Yesterday, my teacher handed out class assessments to all the students but me. Why not me? Because I owe her 2.5 papers. I have till Sunday. I cried all the way home.

I have come to the realization that I am not coping well with this work, teach, MA classes and uber amounts of reading homework and paper writing homework... and all the other little general life things. Something must ease up before I completely snap. Everyone has a breaking point. I am only human, even me. So please excuse me if/when I fall. I have danced back and forth across that line for several weeks.

Tuesday, October 25, 2005

broken 

Some days are good
some days are bad
and then there are days that reduce you
to tears in the pillows
trying to smother them so no one sees or hears

some days you think you can make it through
and then there are the nights that never end
so a song goes

you make some headway
you tackle one challenge
then you look to see the remaining
and discover
there are more there to face than you can

some days you think you can make it through
and then there are the nights that never end
so a song goes

standing alone
it thought i could
i did it once before many years ago
but i am not so strong
not now, when i need to feel something more

some days you think you can make it through
and then there are the nights that never end
so a song goes

i look at my life
see all that was done
and regret so very deeply the mistakes
wish i could undo
but i am broken, so broken

some days you think you can make it through
and then there are the nights that never end
so a song goes

I stand at my altar
each day and night
praying for aid and to be held through the night
i give them myself
though so broken inside and about

can they love me and accept me anyways?

some days you think you can make it through
and then there are the nights that never end
so a song goes

Some days are good
some days are bad
and then there are days that reduce you
to tears in the pillows
trying to smother them so no one sees or hears

Strike it from the Calendar 

Yesterday was a bad day. BAD DAY!

Sunday, October 23, 2005

Thank you 

I burnt my water for pasta twice. And was just about fed up and in tears. I was so frustrated.
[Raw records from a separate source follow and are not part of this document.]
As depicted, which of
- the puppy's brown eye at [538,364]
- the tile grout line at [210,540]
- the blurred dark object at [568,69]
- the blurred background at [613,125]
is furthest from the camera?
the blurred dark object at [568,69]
M-SB came home as I was getting a hot water bottle and trying to cook the water for the 3rd time for pasta. He set up his laptop with the dvd for me and got milk for the kraft dinner. I finally got my pasta... unmush and unburnt. Got a hot water bottle too.
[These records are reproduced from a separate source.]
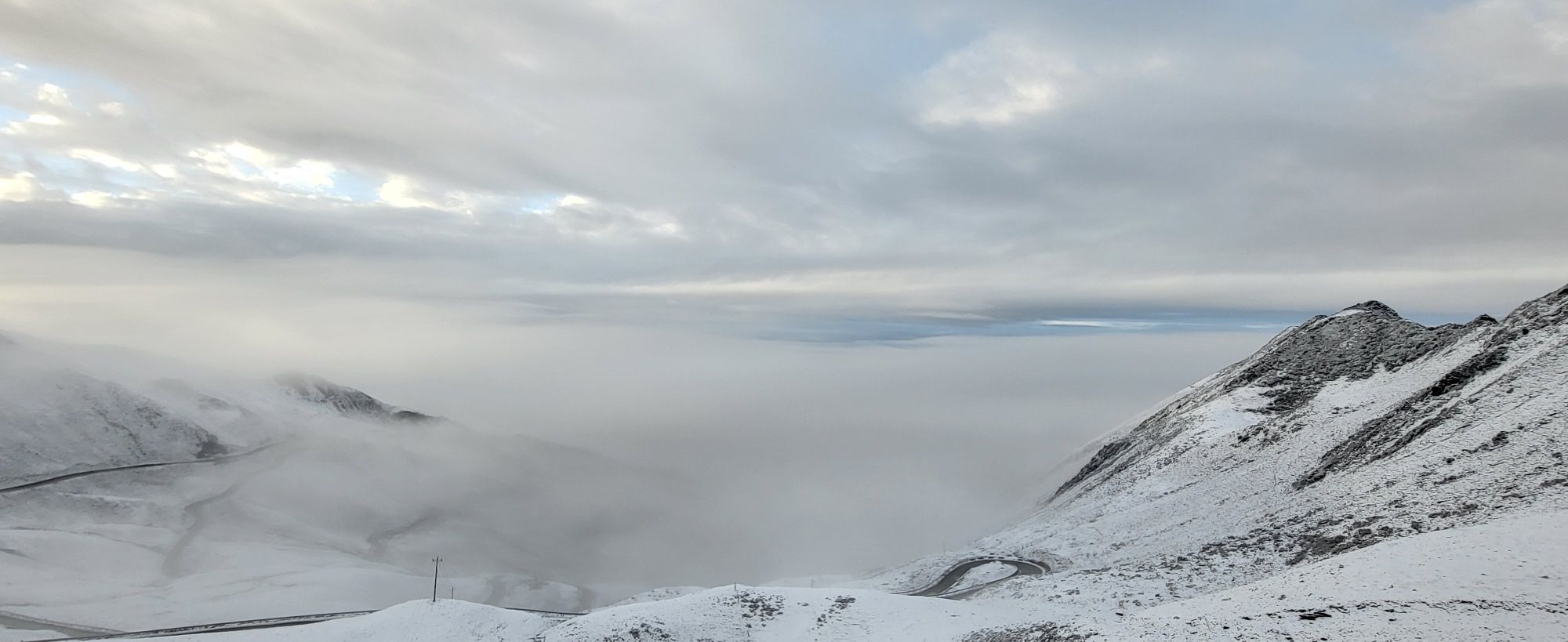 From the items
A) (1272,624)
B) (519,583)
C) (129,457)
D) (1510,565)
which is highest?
(1510,565)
I will eat and then read while while Firefly plays in the background for me... on my bed. We don't own a sofa. There is no room for one in this house.

Back to Busy 

Was up early and off to a staff meeting that I think went well. I was so feeling bleh and cramped and low energy, it is hard to tell. Thankfully someone else took minutes, I was just not able to focus that much. Today, I am not able to multitask. Cramped and bleh!

Headed to Hobbes' and corrected student stuff.

Home now, cramping even worse. This is not conducive to me accomplishing any homework. I have an article to read and comment on, an article set to read and write a 2-pg essay on (due 3 weeks ago), an article set to read and write a 2-pg essay on (due 2 weeks ago), and an article set to read and write a 2-pg essay on (due this coming Tuesday).

I wish my laptop or computer had a dvd player so I can watch firefly while curled in bed with a hot water bottle, drugs and my homework. Although, it would also be nice to just have a warm body to curl up with on a comfy sofa, too and just watch and do nothing till the pain goes away.

Saturday, October 22, 2005

Good day 

Woke early enough to go to breakfast. Went to my Nanny's (my grandmother's) and she had breakfast already ready for when I arrived. She has a new cat to keep her company too! Him name is Min' (and the ' is intentional... it is to replace the g as she cannot name it the same as her previous cat). He is a big black long-haired cat with lovely green eyee and so socialble. It is a great change from cats she has had in the past. We chatted some.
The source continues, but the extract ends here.